Tenjin Matsuri – July
Artistic and visually spectacular, the Tenjin Matsuri has been named the world’s greatest boat festival dedicated to the patron god of learning and art, Sugawara-no-Michizane. Held in Osaka on 24th and 25th July, the days of the summer festival are filled with traditional Japanese art and dance, with the native people performing in full dress to Kagura music, which is the music used when celebrating the Shinto gods.
The main celebration takes place on the second day of the festival, an impressive procession of 3,000 people dressed in traditional 8th-12th century Japanese costume. A magnificent fireworks display takes place at dusk on the nearby riverbank.
If you have ever wanted to step back in time on your Japan tour, then the Tenjin Matsuri is the place to go.
Gion Matsuri – July
Known for being a month-long celebration, Gion Matsuri is one of the most famous festivals in Japan. Situated in the main city of Kyoto, for three nights of the month the downtown public roads are closed off for pedestrians before the penultimate parade. Lanterns illuminate the night sky and the streets are lined with food stalls and people selling Japanese sweets.
It is also a time where young female adults and women dress up in traditional summer kimonos, along with paper fans and purses.
The festival originates from the time of the purification of the gods, who were thought to cause floods, fire and earthquakes to the region. However, over time, the influential merchant class have made the festival what it is today, an upbeat, elaborate celebration to highlight their wealth.
Awa Odori Matsuri – August
If you want to delve into true Japanese spirit, then watching the performers through the streets of Shikoku in Japan is a must. Awa Odori has been named the largest dance festival in Japan and attracts more than 1 million tourists and visitors every year between the 12th and 15th August.

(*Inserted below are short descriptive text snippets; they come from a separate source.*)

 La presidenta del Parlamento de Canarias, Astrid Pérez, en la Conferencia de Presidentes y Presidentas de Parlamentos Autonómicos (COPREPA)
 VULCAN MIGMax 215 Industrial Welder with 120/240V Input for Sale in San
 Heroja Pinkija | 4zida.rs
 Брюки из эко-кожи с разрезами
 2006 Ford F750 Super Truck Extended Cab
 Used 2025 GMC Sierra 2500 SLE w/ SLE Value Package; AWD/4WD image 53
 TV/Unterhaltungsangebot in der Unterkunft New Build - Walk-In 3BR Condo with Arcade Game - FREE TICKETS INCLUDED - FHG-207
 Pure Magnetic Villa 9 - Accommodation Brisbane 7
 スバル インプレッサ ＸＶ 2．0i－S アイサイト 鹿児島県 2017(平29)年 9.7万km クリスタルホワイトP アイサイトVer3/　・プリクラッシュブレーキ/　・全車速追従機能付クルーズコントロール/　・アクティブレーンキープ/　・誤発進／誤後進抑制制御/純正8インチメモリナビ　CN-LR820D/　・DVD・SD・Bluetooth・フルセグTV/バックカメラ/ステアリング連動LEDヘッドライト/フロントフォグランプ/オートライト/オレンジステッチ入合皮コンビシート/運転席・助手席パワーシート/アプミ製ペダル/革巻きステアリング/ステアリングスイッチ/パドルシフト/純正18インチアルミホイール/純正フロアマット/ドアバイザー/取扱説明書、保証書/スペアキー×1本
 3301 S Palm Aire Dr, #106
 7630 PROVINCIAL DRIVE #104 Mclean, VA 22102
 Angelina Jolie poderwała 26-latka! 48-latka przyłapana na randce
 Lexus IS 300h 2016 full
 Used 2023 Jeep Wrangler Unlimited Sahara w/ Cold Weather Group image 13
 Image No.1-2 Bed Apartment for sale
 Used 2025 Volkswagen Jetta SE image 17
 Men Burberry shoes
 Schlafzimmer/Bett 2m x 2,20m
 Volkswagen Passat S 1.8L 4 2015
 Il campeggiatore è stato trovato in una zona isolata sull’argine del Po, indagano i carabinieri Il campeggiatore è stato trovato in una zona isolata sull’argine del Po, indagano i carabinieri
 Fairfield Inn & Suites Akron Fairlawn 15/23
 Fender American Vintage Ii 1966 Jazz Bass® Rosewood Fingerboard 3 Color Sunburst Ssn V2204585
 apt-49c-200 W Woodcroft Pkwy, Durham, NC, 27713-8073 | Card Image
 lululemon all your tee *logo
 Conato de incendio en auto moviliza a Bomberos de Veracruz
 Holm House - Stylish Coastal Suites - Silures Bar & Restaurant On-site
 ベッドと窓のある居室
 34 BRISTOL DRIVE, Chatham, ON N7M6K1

The celebration itself grew from the tradition of the Bon Odori, a Japanese Buddhist celebration where the spirits of ancestors were said to visit their living relatives for several days of the year.
Dancers and musicians known as ren in Japanese wear traditional obon dance costumes and bring the streets alive with their routines and with traditional drums, flutes and bells being played. There is a specific song that is associated with the Awa Odori Matsuri called Awa Yoshikono, with parts of it being chanted and others being sung throughout the parade.
Other festivals that John recommends are the Kishiwada Danjiri Matsuri in Osaka, Sanja Matsuri in the Asakusa District, Takayama Festival in Gifu and the Kanto Matsuri in Akita.
Jidai Matsuri – October
The Jidai Matsuri is the perfect festival for those who want to see the development of Japan’s history over the centuries. Women, men and children make their way through the streets of Kyoto displaying a chronological procession of the costumes that have influenced Japan’s culture.
Annually held on 22nd October, Jidai Matsuri began in 1895 to commemorate the 1100th anniversary of Kyoto being named capital in 794. Thousands of people line the streets from the Kyoto Imperial Garden to Kyoto Prefecture, extending for 1.2 miles with the drum corps accompanying them to make a glorious, colourful spectacle.